Dunque, fare i conti con la composizione sociale dei movimenti. E qui, nuovamente, Chomsky fornisce un’indicazione preziosa, anche se, come già  detto, si astine dall’affrontarla. Il linguista e filosofo statunitense afferma che il vero ventre della bestia sono i rapporti sociali. Per un movimento sociale questo significa produzione della ricchezza, cioè come interviene il lavoro nel capitalismo. Dentro Occupy, ma questo vale anche per gli indignados, ci sono gli «scarti umani» della produzione capitalistica, ma anche chi lavora nei settori produttivi ad alta specializzazione e, in misura minore, anche nel settore industriale. Sono accomunati da quella precarietà  che è diventata la regola generale nei rapporti contrattuali di lavoro. Sono cioè quella nuova «classe pericolosa» descritta efficacemente dallo studioso anglosassone Guy Standing nel suo libro finalmente tradotto da Il Mulino (Precari).
La scommessa da giocare
Dire che è una «classe pericolosa» perché accumunata da una stessa condizione è come dire che sono tutti essere umani. Più realisticamente ci troviamo di fronte a un lavoro sans phrase, senza aggettivi, che produce ricchezza attraverso la valorizzazione degli eterogenei stili di vita che caraterizzano la cooperazione sociale. Senza cadere in un facile determinismo, la proliferazione delle identità  parziali, degli stili di vita va dunque messa in relazione con il lavoro svolto e le gerarchie che lo caratterizzano. Il problema, allora, è la costruzione di quello spazio pubblico in cui le differenze entrano in una relazione produttiva di politicità .

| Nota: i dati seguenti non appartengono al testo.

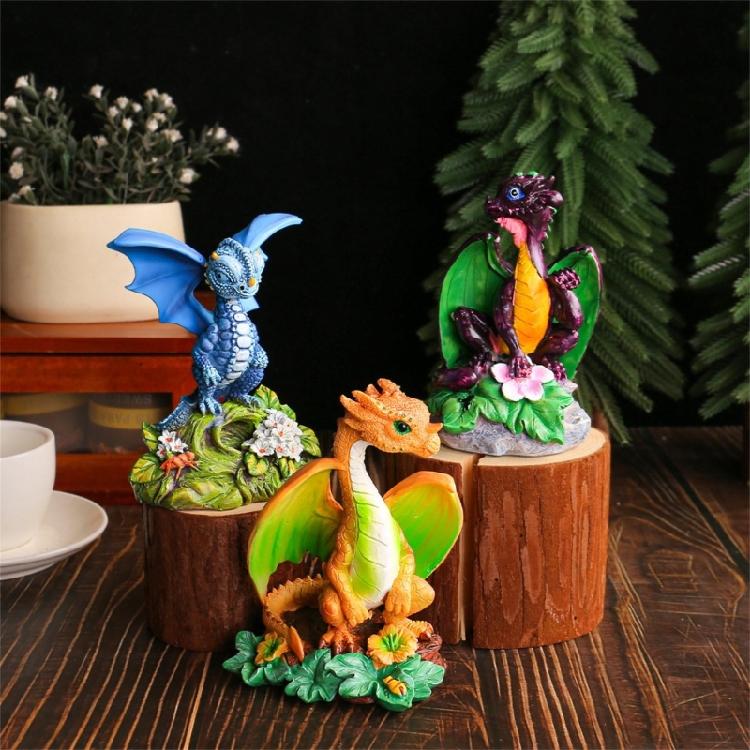 Resins Colorful Flower Dragon Miniature Figurine Ornament for Garden and Landscapes Office Home Desktop Cake Decoration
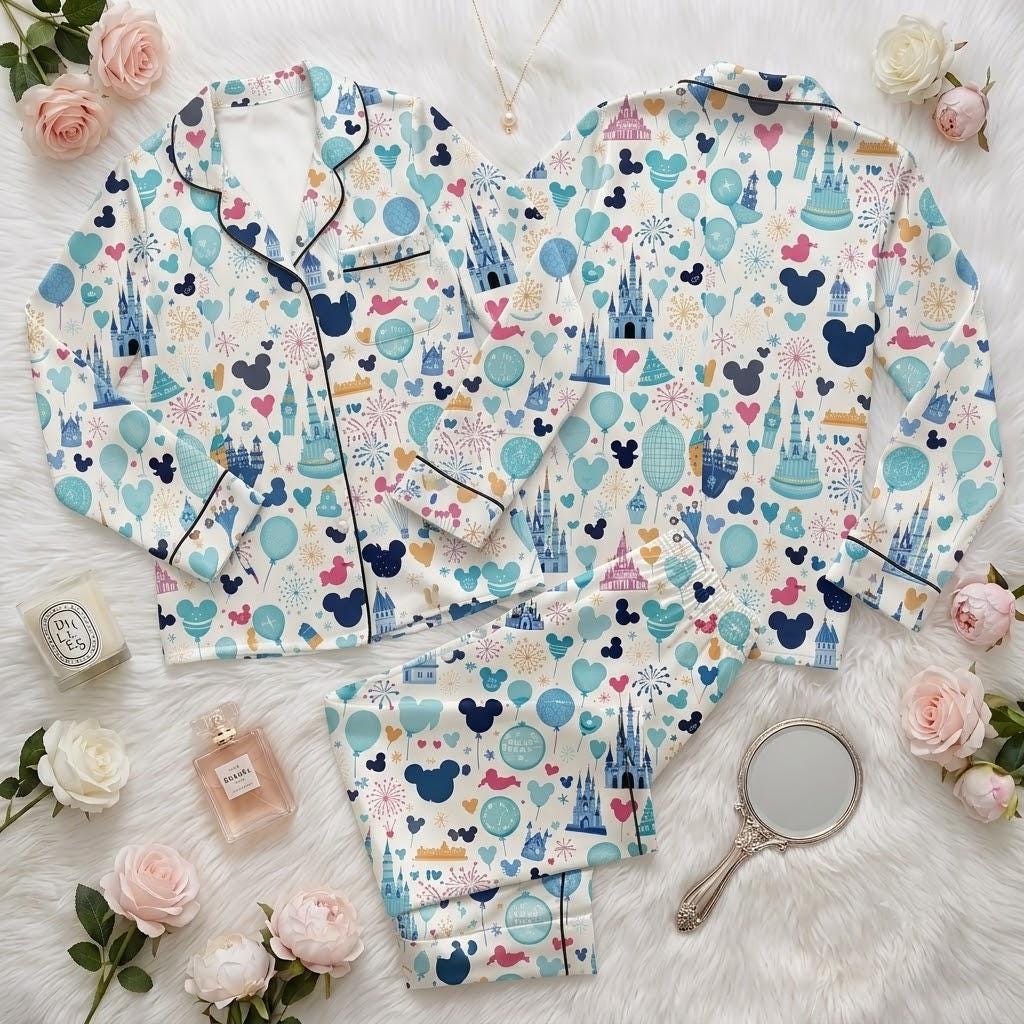Disneyland Icons Pajama Set, Castle Balloon Park Snacks Button Pajamas, Magical Theme Park Sleepwear, Disney Vacation Loungewear Gift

È questa la scommessa che Occupy chiede di giocare. Sia ben chiaro, assumerla come orizzonte teorico non ha nulla di accademico. Perché parlare di Occupy vuol dire parlare degli indignados e dei movimenti sociali che in Europa si oppongono alle politiche di austerity varate dai governi nazionali su sollecitazione dell’Unione europea. E parlare di Occupy vuol dire parlare anche della realtà  italiana, dove i conflitti sociali continuano a manifestarsi senza che abbiano la capacità  di costruire una lingua comune che contrasti quella «rivoluzione dell’alto» avviata dal capitalismo per uscire dalla sua crisi.